» DATA IN THIS EXERCISE
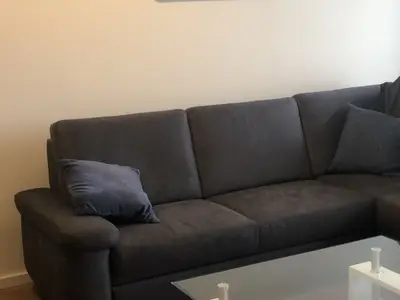 Ferienwohnung für 2 Personen (64 m²) in Travemünde 8/10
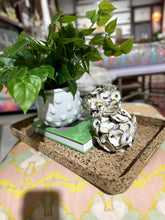 Load image into Gallery viewer, Oyster Shell Balls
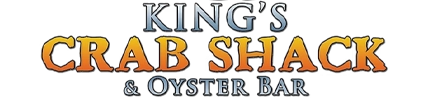 King's Crab Shack and Oyster Bar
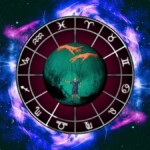 Signos Zodiacales Controladores, InfoMistico.com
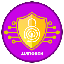 Automated Income Machine logo
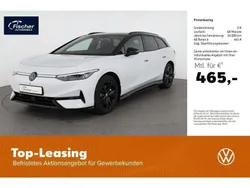 VW ID.7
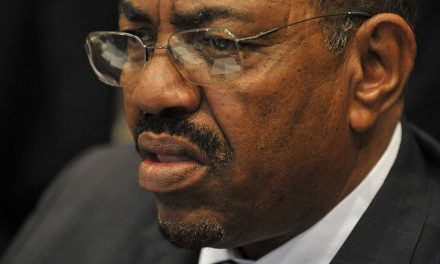Sudan: Former president Omar al-Bashir sentenced to two years  in reform facility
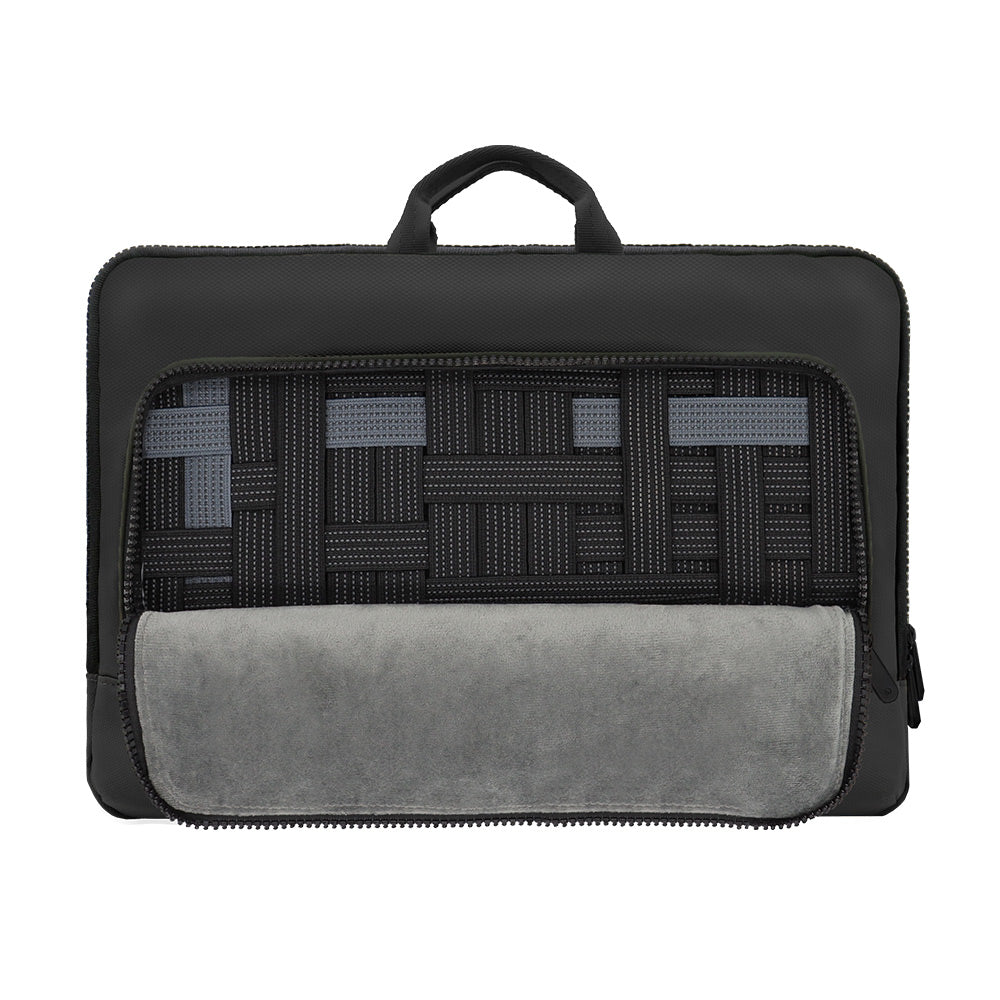 JTLEGEND 14" NESS 巧納筆電內袋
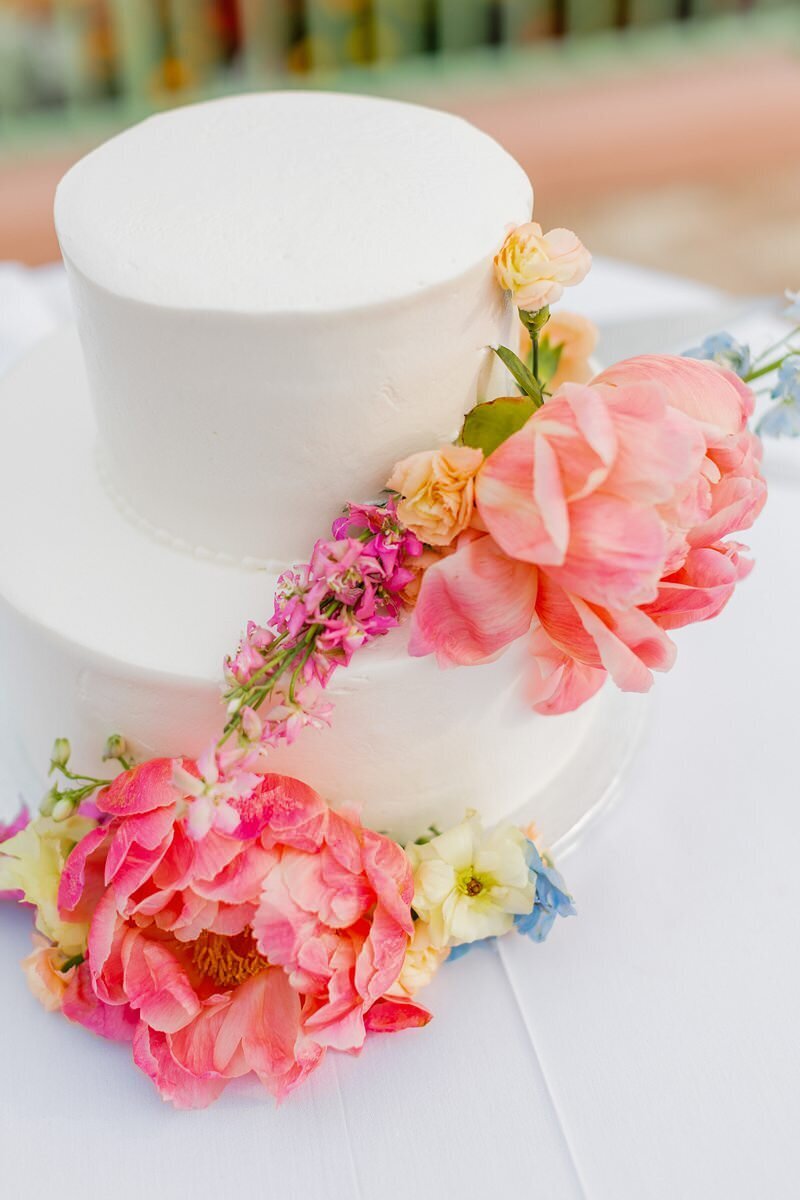 Wedding at The Vinoy in St. Petersburg- Florida242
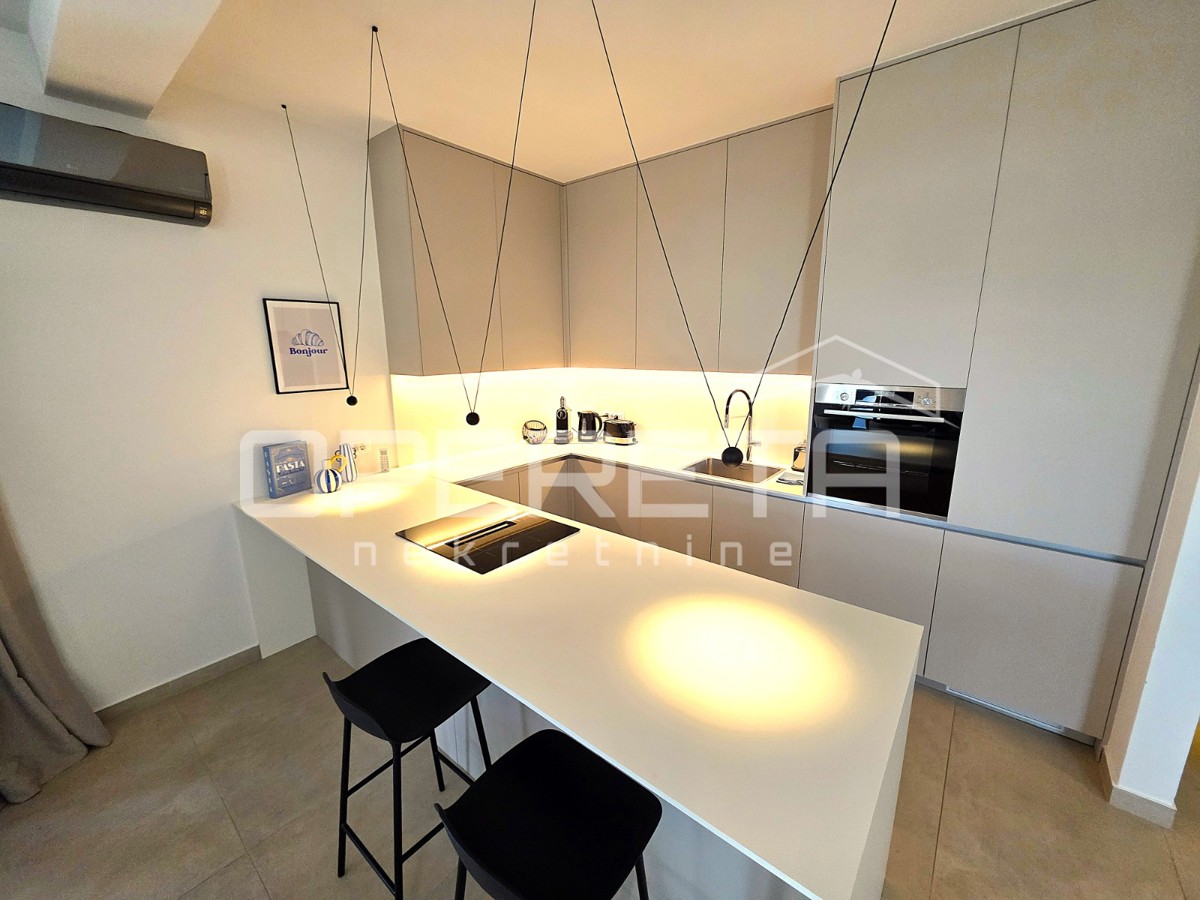 Vendita, Casa, Kožino, Put Velikog mula, Edificio doppio, 197m2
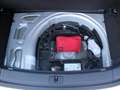 Audi A1 1.2 TFSI Ambition Pro Line Business Sportstoelen Gris - thumbnail 39
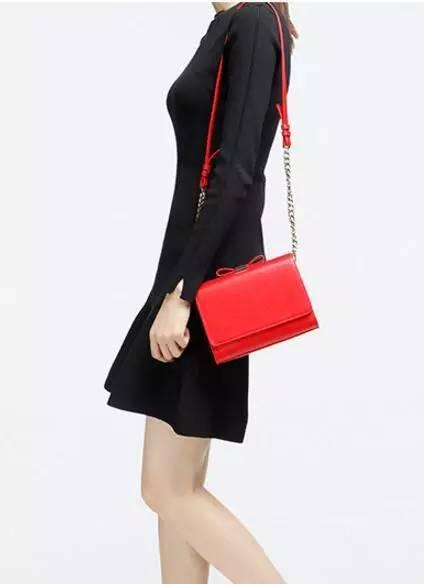 新年接福接财运,新年有红包财运滚滚来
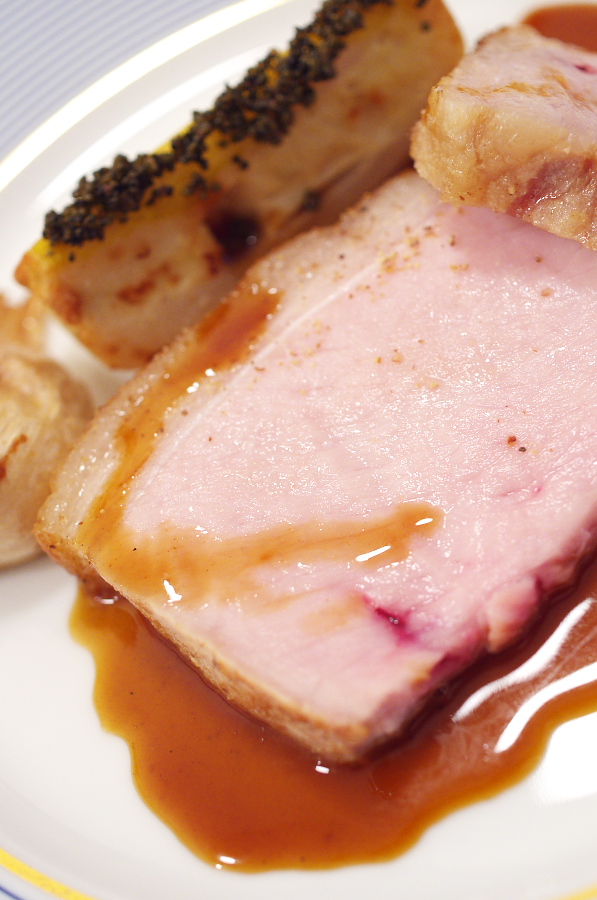 IMGP8883.jpg(289975 byte)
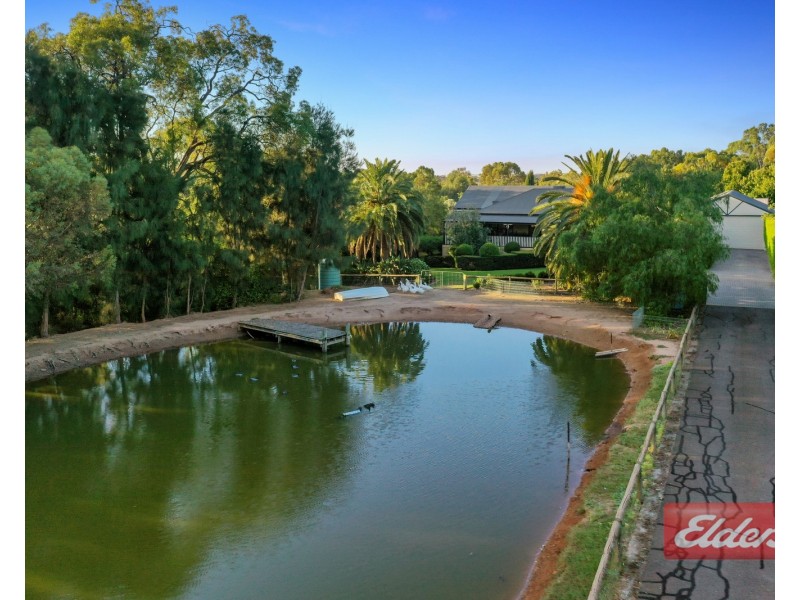112 Calton Road, Kalbeeba SA 5118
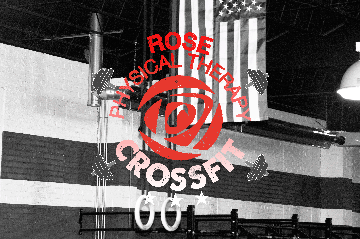 district crossfit physical therapy washington dc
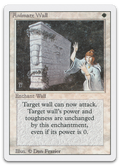 Product image for TCG 1332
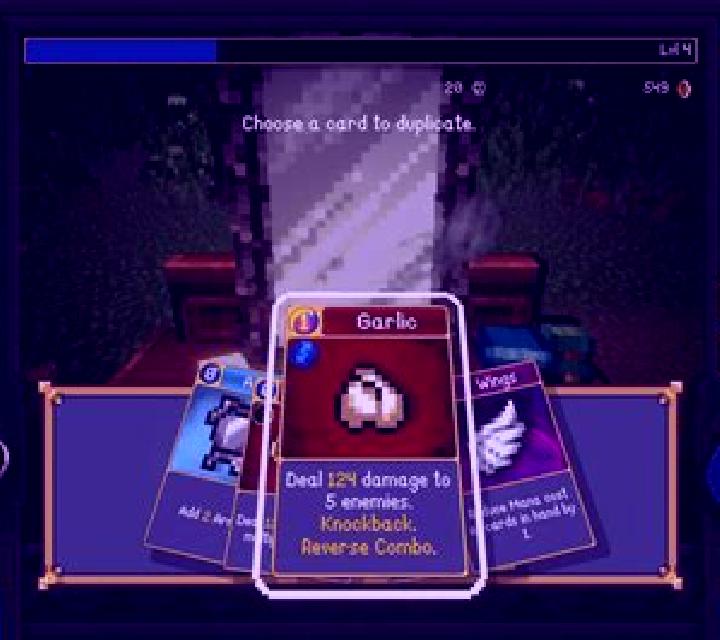 5 Treasures (Virtual Tech) online slot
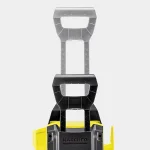 Kärcher K3 Power Control Corded Pressure washer 1.6kW - 16761020 - Image 10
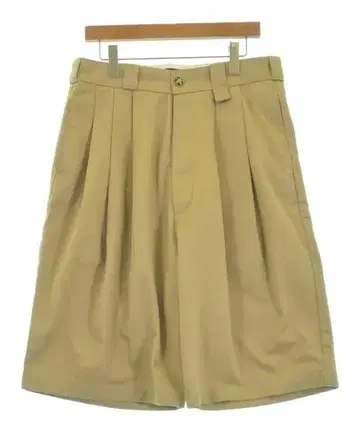 WILLY CHAVARRIA 숏팬츠 남성용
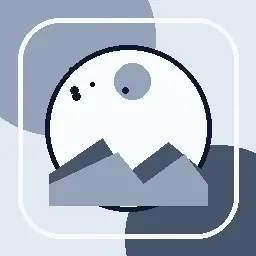 深巷寻光集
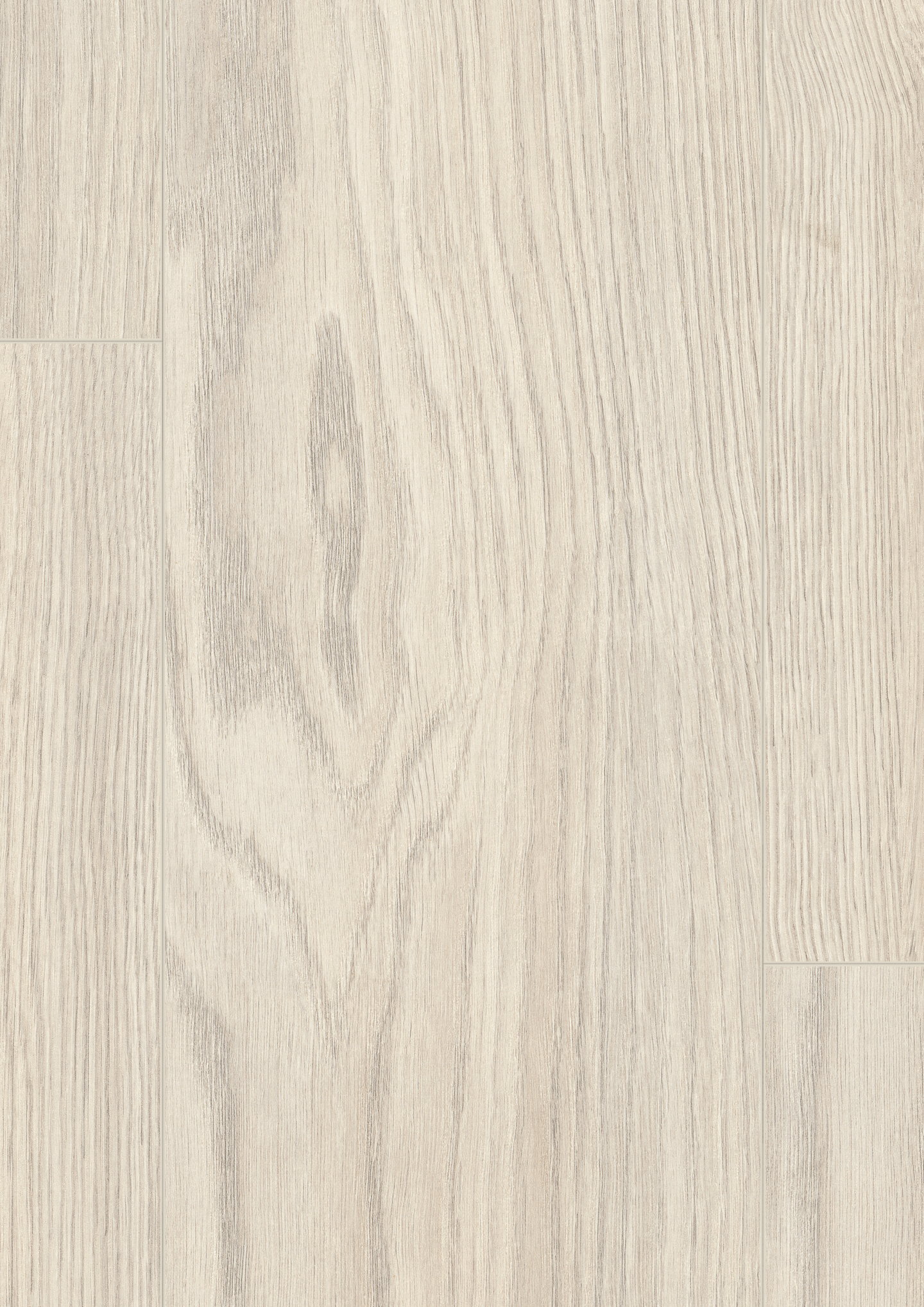 LAMINAT 32 8MM SORIA EK VIT EPL1 EGGER PRO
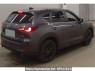 Used 2022 AT mazda cx-5 KFEP Image[1]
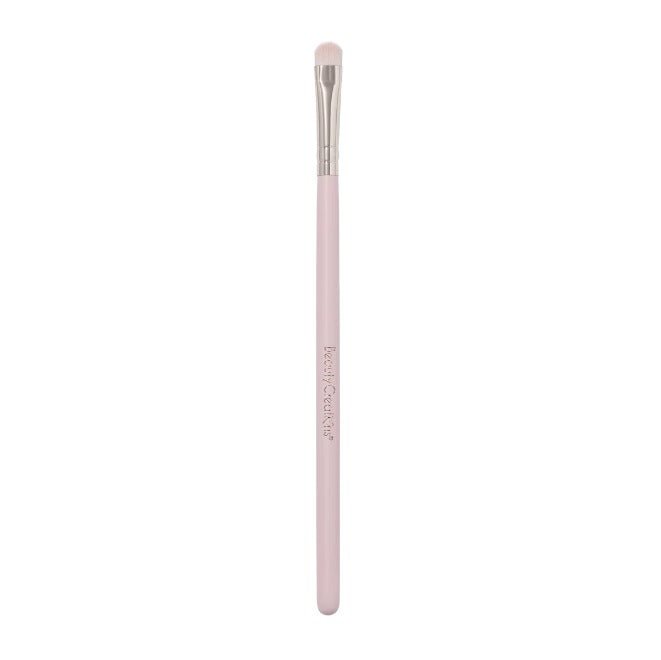 Glamour Us_Beauty Creations_Tools &amp; Brushes_Oh Darling 24 PC Brush Set__BS - OD The best affordable Latina and Mexican makeup, beauty and cosmetics supply store in Chula Vista, San Diego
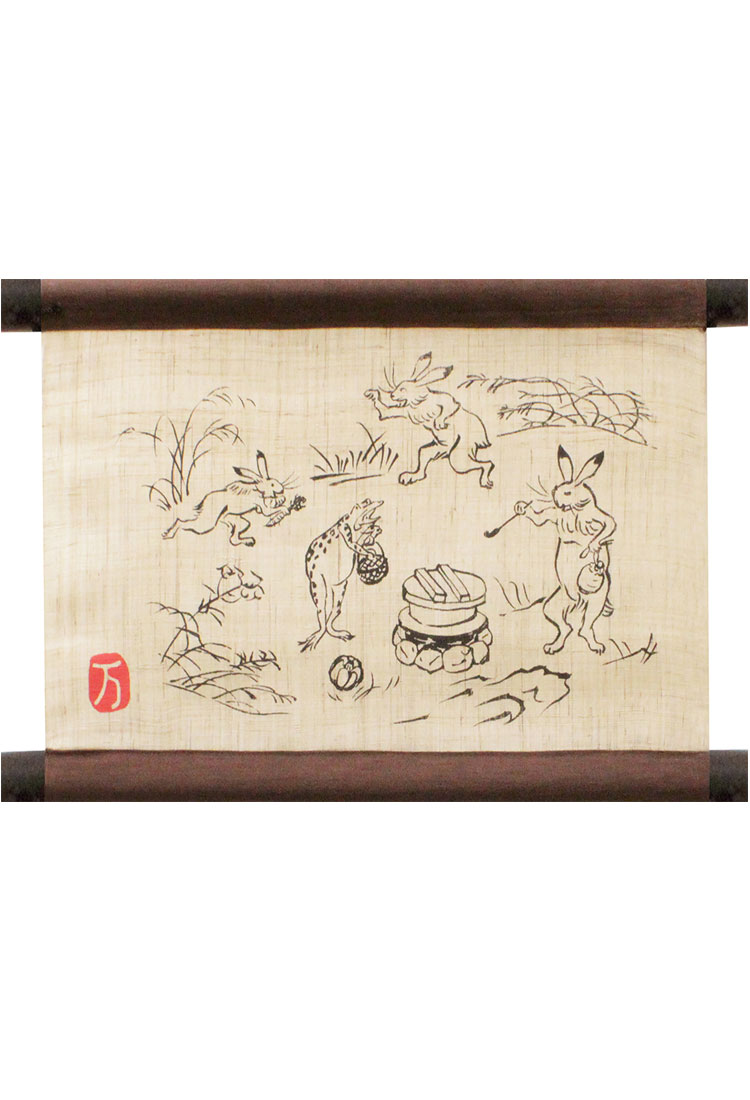 父の日特集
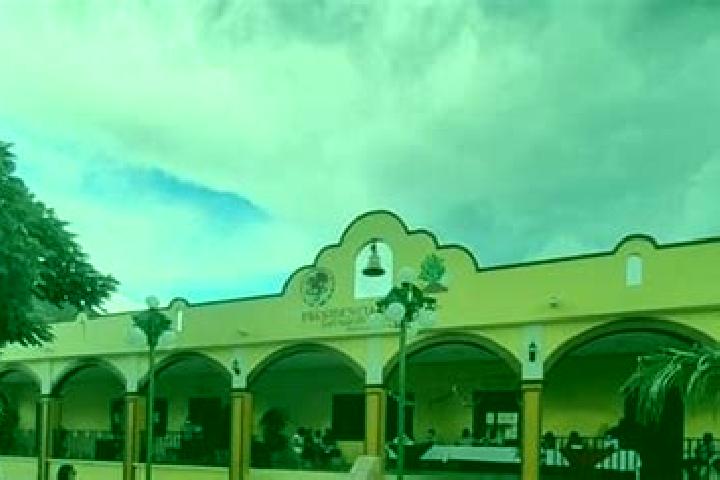 15 escort profiles in San Martin Toxpalan, Mexico. Browse companions, services, rates and book online. Incall and outcall available.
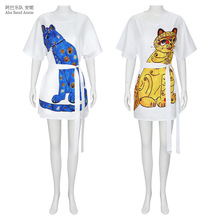 ���͘�꠱���cospaly���b�f�}��ABBA�B�w�°�����ɯ������̨���b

» WORK ITEM
Take the lines above starting at the one containing "Automated Income Machine logo" and ending at the one containing "15 escort profiles", and print them again exactly, without pictures.

» WRITTEN ANSWER
 Automated Income Machine logo
 VW ID.7
Sudan: Former president Omar al-Bashir sentenced to two years  in reform facility
 JTLEGEND 14" NESS 巧納筆電內袋
 Wedding at The Vinoy in St. Petersburg- Florida242
 Vendita, Casa, Kožino, Put Velikog mula, Edificio doppio, 197m2
 Audi A1 1.2 TFSI Ambition Pro Line Business Sportstoelen Gris - thumbnail 39
 新年接福接财运,新年有红包财运滚滚来
 IMGP8883.jpg(289975 byte)
112 Calton Road, Kalbeeba SA 5118
 district crossfit physical therapy washington dc
 Product image for TCG 1332
 5 Treasures (Virtual Tech) online slot
 Kärcher K3 Power Control Corded Pressure washer 1.6kW - 16761020 - Image 10
 WILLY CHAVARRIA 숏팬츠 남성용
 深巷寻光集
 LAMINAT 32 8MM SORIA EK VIT EPL1 EGGER PRO
 Used 2022 AT mazda cx-5 KFEP Image[1]
 Glamour Us_Beauty Creations_Tools &amp; Brushes_Oh Darling 24 PC Brush Set__BS - OD The best affordable Latina and Mexican makeup, beauty and cosmetics supply store in Chula Vista, San Diego
 父の日特集
 15 escort profiles in San Martin Toxpalan, Mexico. Browse companions, services, rates and book online. Incall and outcall available.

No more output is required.